━━ Task material ━━

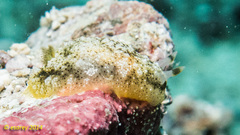 Dendrodoris coronata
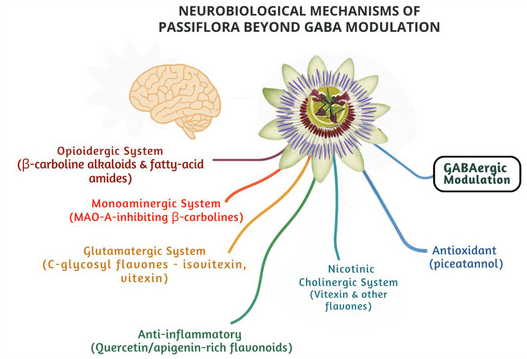 What's Passion Fruit Extract Mechanism Of Action For Sleep? What's Passion Fruit Extract Mechanism Of Action For Sleep?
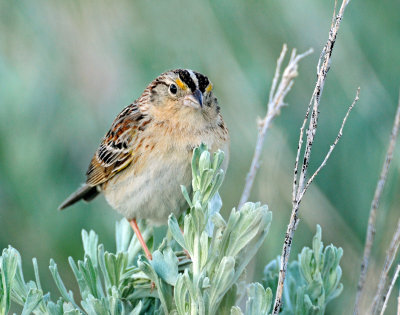 Sparrow, Grasshoper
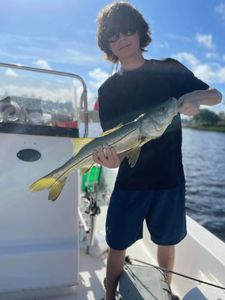 Snook fish caught in FL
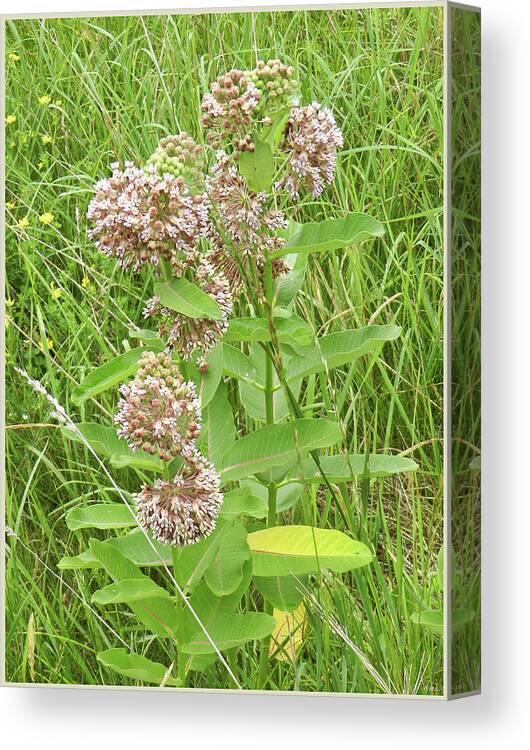 Milkweed Canvas Print featuring the photograph Milkweed Wild Flowers, Meadow Series by Lise Winne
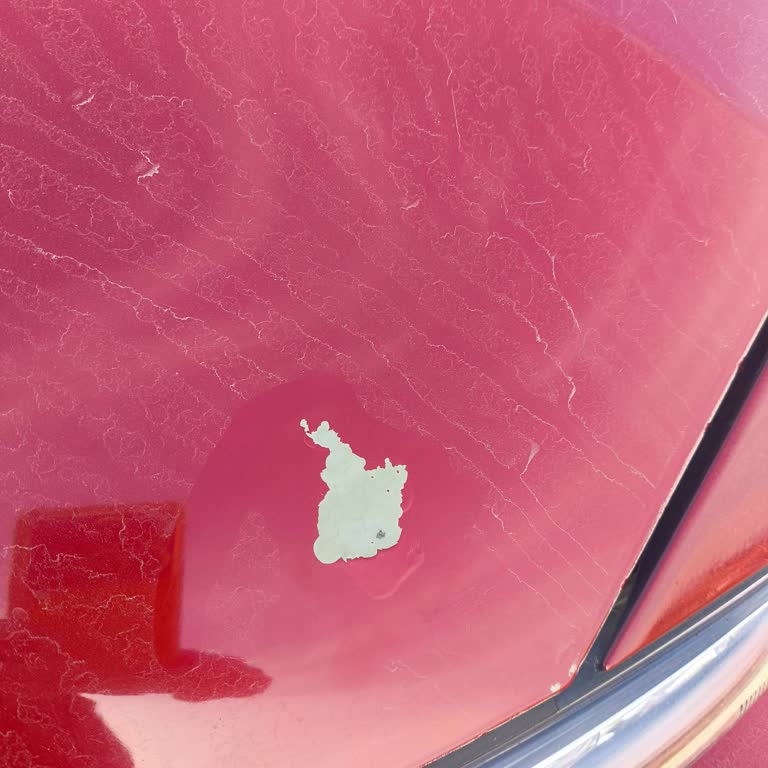 Hyundai Kona'da Kaput Ve Tavan Boya Atması Sorunu Ve Ücretsiz Tamir Talebi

━━━

◆ **What this task involves**
Type the listing out again word for word, passing over each picture.

◆ **Solution**
 Dendrodoris coronata
 What's Passion Fruit Extract Mechanism Of Action For Sleep? What's Passion Fruit Extract Mechanism Of Action For Sleep?
 Sparrow, Grasshoper
 Snook fish caught in FL
 Milkweed Canvas Print featuring the photograph Milkweed Wild Flowers, Meadow Series by Lise Winne
 Hyundai Kona'da Kaput Ve Tavan Boya Atması Sorunu Ve Ücretsiz Tamir Talebi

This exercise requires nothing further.